• Input data
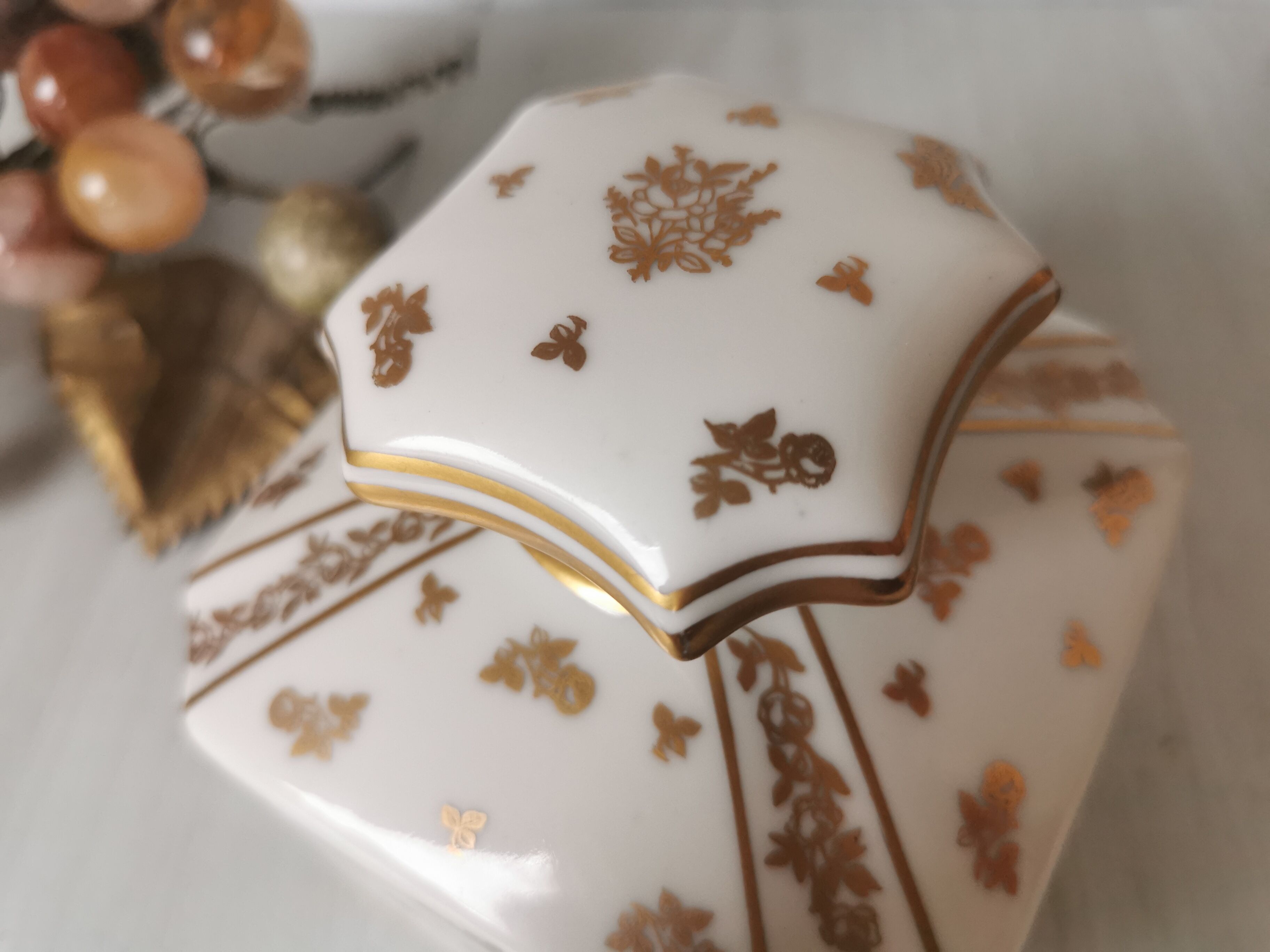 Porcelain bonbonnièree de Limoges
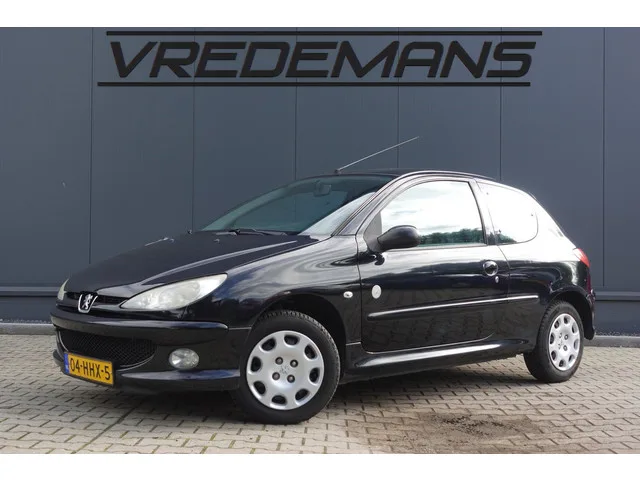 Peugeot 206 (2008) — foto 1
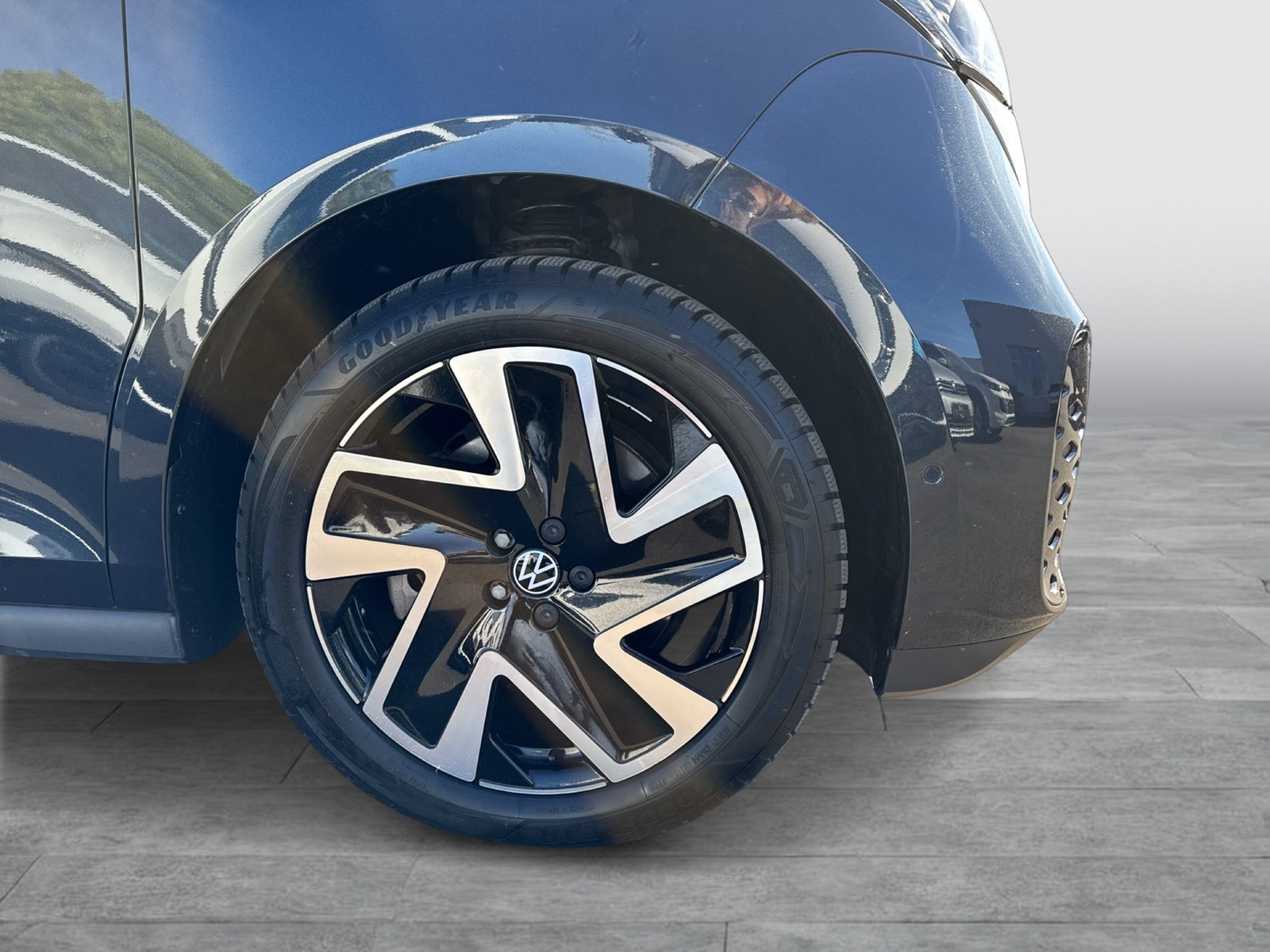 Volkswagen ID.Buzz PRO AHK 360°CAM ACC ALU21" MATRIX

• Task requirements
Copy the data exactly. Pictures do not belong in the copy.

• Answer area
 Porcelain bonbonnièree de Limoges
 Peugeot 206 (2008) — foto 1
 Volkswagen ID.Buzz PRO AHK 360°CAM ACC ALU21" MATRIX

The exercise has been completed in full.